> [Exercise brief]: For this exercise, output the line containing "Asher Sneaker Aus" and all lines after it to the end of the records, exactly, with no other content.

> [Entries taken from a collection]:
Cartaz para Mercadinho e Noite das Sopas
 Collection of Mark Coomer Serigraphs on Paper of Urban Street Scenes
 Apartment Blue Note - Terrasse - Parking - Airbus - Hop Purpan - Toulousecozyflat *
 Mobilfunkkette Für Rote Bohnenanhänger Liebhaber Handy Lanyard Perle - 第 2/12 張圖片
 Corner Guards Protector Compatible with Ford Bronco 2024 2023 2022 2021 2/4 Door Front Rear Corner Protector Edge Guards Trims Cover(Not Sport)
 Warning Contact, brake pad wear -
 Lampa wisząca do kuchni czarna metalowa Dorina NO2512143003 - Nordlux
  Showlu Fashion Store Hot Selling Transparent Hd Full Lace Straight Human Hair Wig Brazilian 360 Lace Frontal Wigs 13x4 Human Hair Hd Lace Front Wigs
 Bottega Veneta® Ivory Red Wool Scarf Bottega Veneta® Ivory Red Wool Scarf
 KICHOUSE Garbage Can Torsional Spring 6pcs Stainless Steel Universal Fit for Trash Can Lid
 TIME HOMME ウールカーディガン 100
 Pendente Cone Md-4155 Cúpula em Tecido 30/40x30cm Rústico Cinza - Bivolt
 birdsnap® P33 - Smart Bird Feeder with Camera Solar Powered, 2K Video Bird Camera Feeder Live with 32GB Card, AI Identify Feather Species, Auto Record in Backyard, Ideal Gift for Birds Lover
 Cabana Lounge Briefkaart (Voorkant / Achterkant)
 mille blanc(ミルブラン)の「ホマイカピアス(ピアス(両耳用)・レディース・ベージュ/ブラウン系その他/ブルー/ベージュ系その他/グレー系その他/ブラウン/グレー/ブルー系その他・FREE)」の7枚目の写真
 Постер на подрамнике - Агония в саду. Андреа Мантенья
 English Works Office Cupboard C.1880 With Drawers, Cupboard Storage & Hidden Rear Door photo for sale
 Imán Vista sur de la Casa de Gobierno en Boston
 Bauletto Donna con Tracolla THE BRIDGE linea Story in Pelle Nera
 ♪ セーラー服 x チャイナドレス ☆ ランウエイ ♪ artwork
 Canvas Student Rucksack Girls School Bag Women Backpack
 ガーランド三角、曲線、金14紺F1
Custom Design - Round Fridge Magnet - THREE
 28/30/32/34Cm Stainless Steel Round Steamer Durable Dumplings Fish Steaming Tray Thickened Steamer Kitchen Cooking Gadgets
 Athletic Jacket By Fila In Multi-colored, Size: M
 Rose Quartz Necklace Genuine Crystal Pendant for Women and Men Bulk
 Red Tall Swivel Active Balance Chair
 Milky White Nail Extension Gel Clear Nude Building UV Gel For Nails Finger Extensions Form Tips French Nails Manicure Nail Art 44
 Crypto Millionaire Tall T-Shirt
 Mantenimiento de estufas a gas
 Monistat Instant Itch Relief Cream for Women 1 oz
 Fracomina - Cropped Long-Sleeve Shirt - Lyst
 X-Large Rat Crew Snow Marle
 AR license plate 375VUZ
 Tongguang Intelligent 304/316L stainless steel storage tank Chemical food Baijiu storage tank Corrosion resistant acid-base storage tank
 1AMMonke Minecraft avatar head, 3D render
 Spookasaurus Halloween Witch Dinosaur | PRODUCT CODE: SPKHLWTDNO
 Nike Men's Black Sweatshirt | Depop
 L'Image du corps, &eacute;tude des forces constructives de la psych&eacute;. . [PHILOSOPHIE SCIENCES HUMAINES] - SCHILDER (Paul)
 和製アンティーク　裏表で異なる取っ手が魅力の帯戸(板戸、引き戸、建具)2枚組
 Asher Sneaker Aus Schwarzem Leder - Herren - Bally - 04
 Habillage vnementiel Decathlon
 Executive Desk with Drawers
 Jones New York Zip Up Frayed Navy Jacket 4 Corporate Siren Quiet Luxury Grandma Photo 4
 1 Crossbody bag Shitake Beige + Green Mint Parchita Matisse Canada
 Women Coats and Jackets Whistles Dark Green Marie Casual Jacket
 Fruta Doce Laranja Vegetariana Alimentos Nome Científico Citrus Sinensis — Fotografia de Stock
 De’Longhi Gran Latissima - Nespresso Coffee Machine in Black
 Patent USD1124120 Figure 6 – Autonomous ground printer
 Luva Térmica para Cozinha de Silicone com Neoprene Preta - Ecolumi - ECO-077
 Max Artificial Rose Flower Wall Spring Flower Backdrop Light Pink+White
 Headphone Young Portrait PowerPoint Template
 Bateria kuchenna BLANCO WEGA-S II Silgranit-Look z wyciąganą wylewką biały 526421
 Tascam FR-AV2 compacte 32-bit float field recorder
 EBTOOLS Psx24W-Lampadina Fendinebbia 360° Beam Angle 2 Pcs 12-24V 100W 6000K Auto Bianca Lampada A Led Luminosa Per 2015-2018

> [Answer]:
 Asher Sneaker Aus Schwarzem Leder - Herren - Bally - 04
 Habillage vnementiel Decathlon
 Executive Desk with Drawers
 Jones New York Zip Up Frayed Navy Jacket 4 Corporate Siren Quiet Luxury Grandma Photo 4
 1 Crossbody bag Shitake Beige + Green Mint Parchita Matisse Canada
 Women Coats and Jackets Whistles Dark Green Marie Casual Jacket
 Fruta Doce Laranja Vegetariana Alimentos Nome Científico Citrus Sinensis — Fotografia de Stock
 De’Longhi Gran Latissima - Nespresso Coffee Machine in Black
 Patent USD1124120 Figure 6 – Autonomous ground printer
 Luva Térmica para Cozinha de Silicone com Neoprene Preta - Ecolumi - ECO-077
 Max Artificial Rose Flower Wall Spring Flower Backdrop Light Pink+White
 Headphone Young Portrait PowerPoint Template
 Bateria kuchenna BLANCO WEGA-S II Silgranit-Look z wyciąganą wylewką biały 526421
 Tascam FR-AV2 compacte 32-bit float field recorder
 EBTOOLS Psx24W-Lampadina Fendinebbia 360° Beam Angle 2 Pcs 12-24V 100W 6000K Auto Bianca Lampada A Led Luminosa Per 2015-2018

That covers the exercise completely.